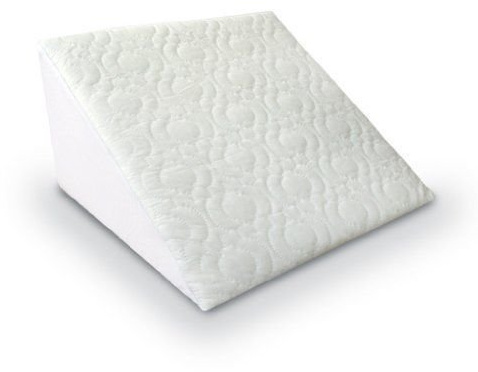 Multi Purpose Adult Comfort Pain Relief Back Support Foam Hypoallergenic Bed Elevate Wedge Pillow Cushion for Acid Reflux, GERD, Heartburn & Indigestion with Soft White Removable Quilted Cover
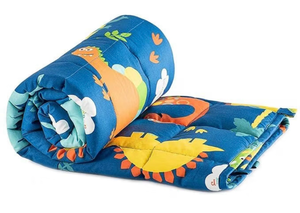 lot 8826 image: Sivio Cotton Weighted Blanket for Sleeping, 36x48 5 lbs, Blue Dinosaur Cooling, Breathable and Soft Filled with Glass Beads Washable Heavy Throw for Calming, Sleep and Nap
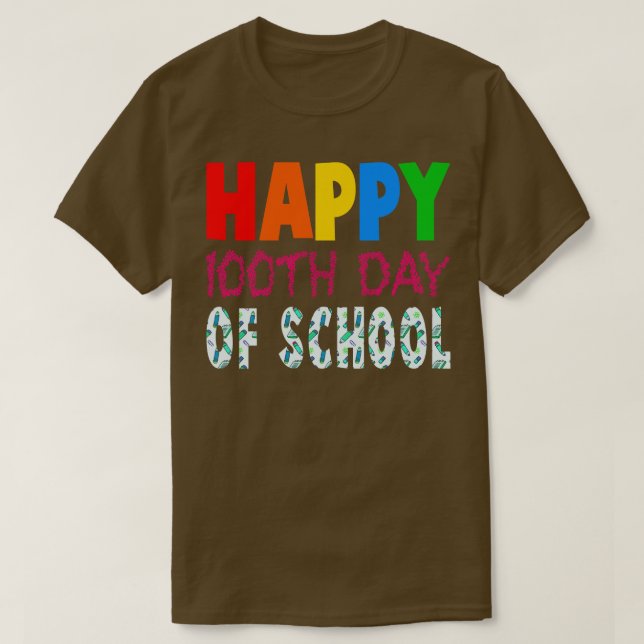 100th Day of School for Teachers Boys Girls Teache T-Shirt (Design Front)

- Required work
Write out the whole listing exactly, and drop the pictures.

- Written solution
 Multi Purpose Adult Comfort Pain Relief Back Support Foam Hypoallergenic Bed Elevate Wedge Pillow Cushion for Acid Reflux, GERD, Heartburn & Indigestion with Soft White Removable Quilted Cover
 lot 8826 image: Sivio Cotton Weighted Blanket for Sleeping, 36x48 5 lbs, Blue Dinosaur Cooling, Breathable and Soft Filled with Glass Beads Washable Heavy Throw for Calming, Sleep and Nap
 100th Day of School for Teachers Boys Girls Teache T-Shirt (Design Front)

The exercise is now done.